If you work hard, success will come
I received a letter from Washington on the impeachment of President Obama. They wrote in the letter “everything is for sale in Washington.” I couldn’t agree with them more. As far as I’m concerned, this goes for both parties. I see congressmen leaving the government and becoming lobbyists. I think they have to wait for two years and then they make millions. This should not be allowed. What happened to our representatives who are in there to serve the people? What’s happened to our people? Everything is “What’s in it for me?” The greed and the hunger for power is scary. If a person wins a seat, then it’s pay back time for the people who helped them in. It’s getting to the point you can’t run for office unless you’re rich or you’re indebted to rich people. For the first time in my life, I don’t know if I’m going to vote this year. Is it just me or do you feel that way, too?
I grew up in a home by the railroad tracks. We fed all the bums during the Depression and had a heart for the poor. Our mom baked 18 loaves of bread at a time. We always had bread and eggs. We don’t see bums anymore, but maybe that time will come back.
I’m thankful I grew up in a home where we always helped others. We never made anything of it. I never knew we were poor. There was always food on the table. I never had anything to compare it to, so I never knew the difference. As long as we had potatoes, I never complained. My nickname was “potato eater.” I still love them. And we always had lots of conversation at the table. It was an educational time.
We always had music and dancing in our house. We started out with a victrola, then a radio, and finally TV. I bet a lot of young people don’t know what a victrola was. It was before radio and we had to wind it up to get music. You missed it all!
Why do I tell you these things? The old folks will remember and reminisce. The younger people need a history lesson. I tell you because I love our history. It made us who we are today. I wouldn’t change our history for all the tea in China. When I think of the courage my parents had to leave their country with five young children and come to a place where they didn’t know the language no job that took guts! Of course their ace in the hole was the John Joy family including my father’s sister, Rose, who sponsored them.
Some people criticize me when I tell this story while others tell me they love these stories I tell. That’s OK either way. But I tell them because they give me joy. I always judge a story by the distance people have come and I’m not talking about the crossing of the ocean. I’m talking about what they did with their lives. Each of them did well. I’ll give you a rundown. For those of you who enjoy going to the Beaver Club, my father got the liquor license. He borrowed $200 at the bank and put the license in my brother-in-law’s name (Charlie Jeffrey.)
The other day someone asked me where the name “Beaver Club” came from. Here’s the story.
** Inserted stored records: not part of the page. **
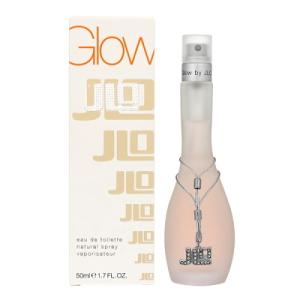 ジェニファー・ ロペス グロウ バイ ジェイロー EDT SP 100ml 香水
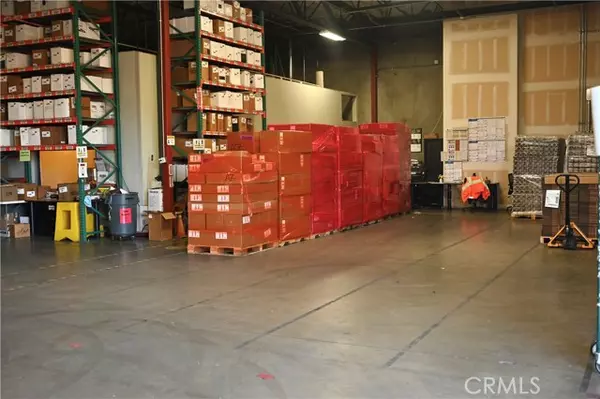 Paso Robles, CA 93446,2758 Danley Court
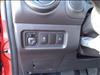 2024 Mitsubishi Mirage G4 LE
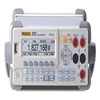 DM3061數(shù)字萬(wàn)用表普源精電RIGOL DM3061數(shù)字萬(wàn)用表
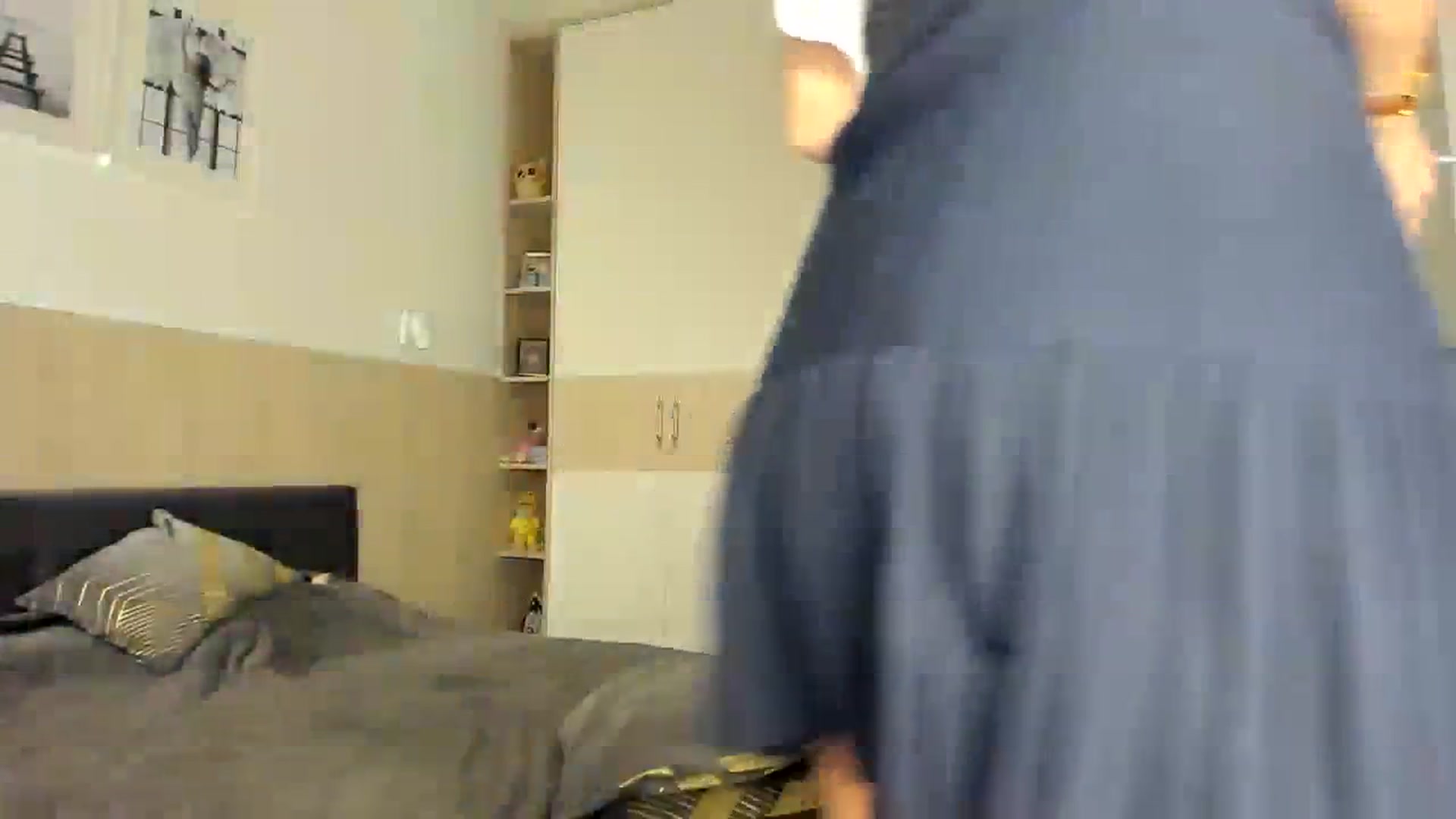 Gallery image thumbnail from EliinaGreen's myfreecams stream on, 01/29/2024, 19:16 image 4 of 20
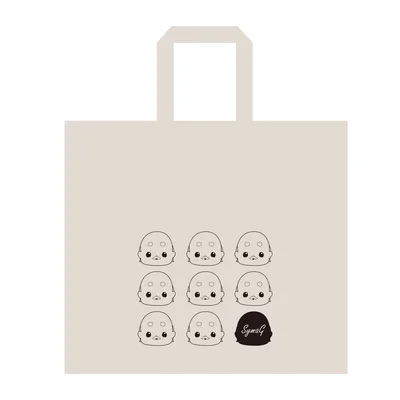 エコ爺バッグ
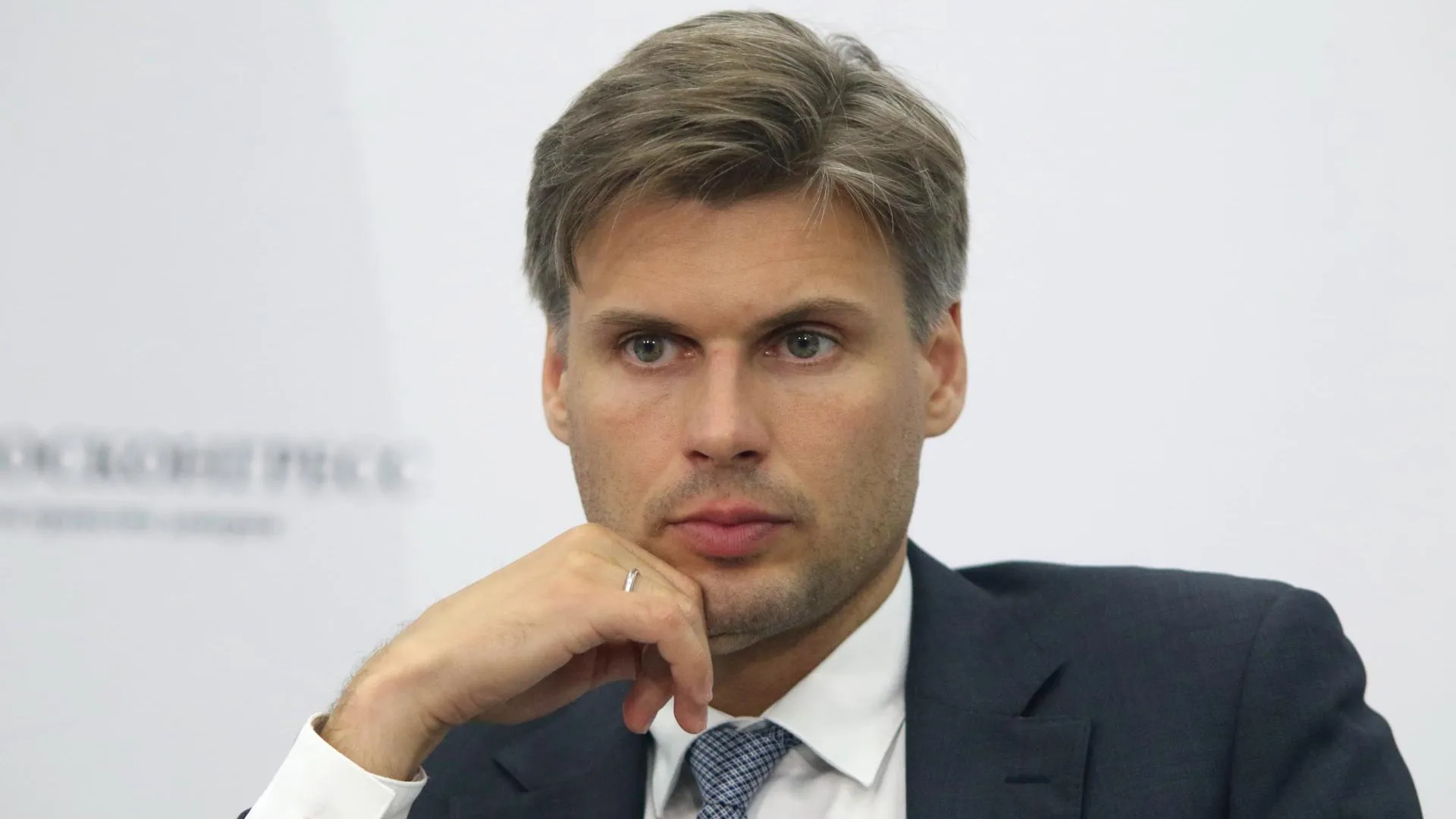Maksim Konstantinov/Global Look Press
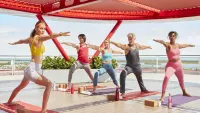 Virgin Voyages Fitness Classes Credit Globetrender min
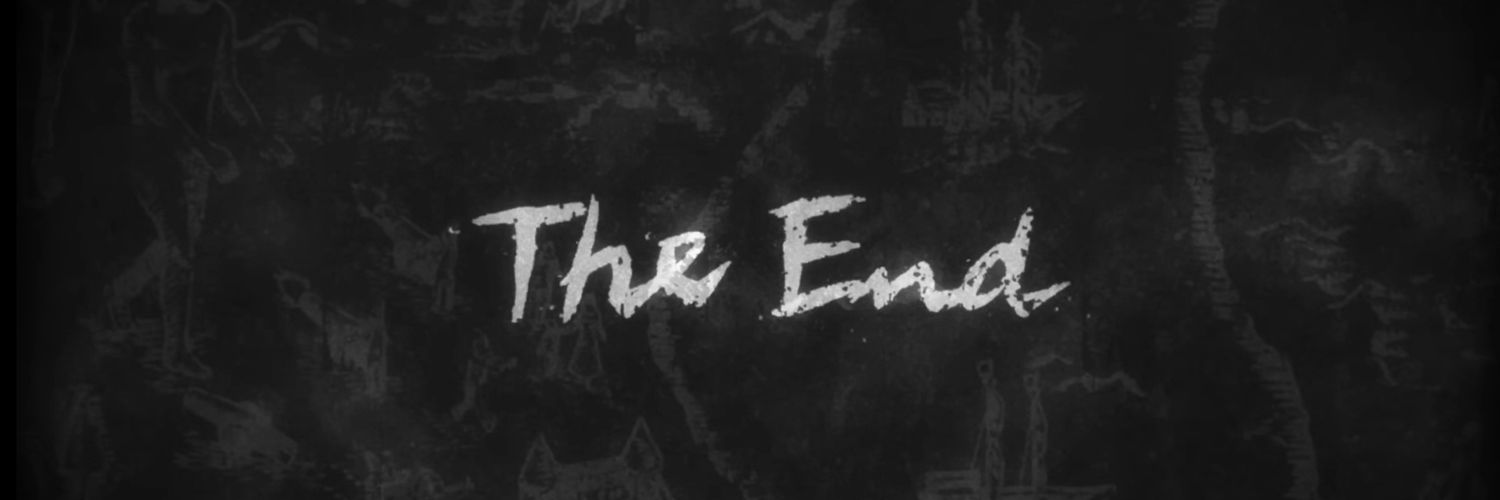 __zanatta's profile banner image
The clerk asked for the name of the club, so Charlie asked my father what kind of a club it was, and my father said, “a bevari” which means to drink, a social club. The clerk heard beaver and named it that.
My mother was everything! The best! And a great storyteller.
My sister Louise Jeffrey taught citizenship classes.
My brother Russell (Roddy) was one of the three men who started the union at the steel plant.
My sister Rose owned Ricky’s Boutique.
My brother Tony was a principal at East Islip.
My sister Jo went to Comptometer (a mechanical calculator) School and worked in the Fredonia High School and the College. She was so good with kids. A lot of them still call her “ma.”
And I write.
Two of our sisters died. The first Rose died at the age of 4. Ten days later, my mother had another baby, and they named her Rose. My sister Grace, who wrote poetry, died at the age of 19. Jo and I were born in Fredonia.
So you see we were very visible. I hope our story will be encouraging to other immigrant families.
If you work hard, success will come!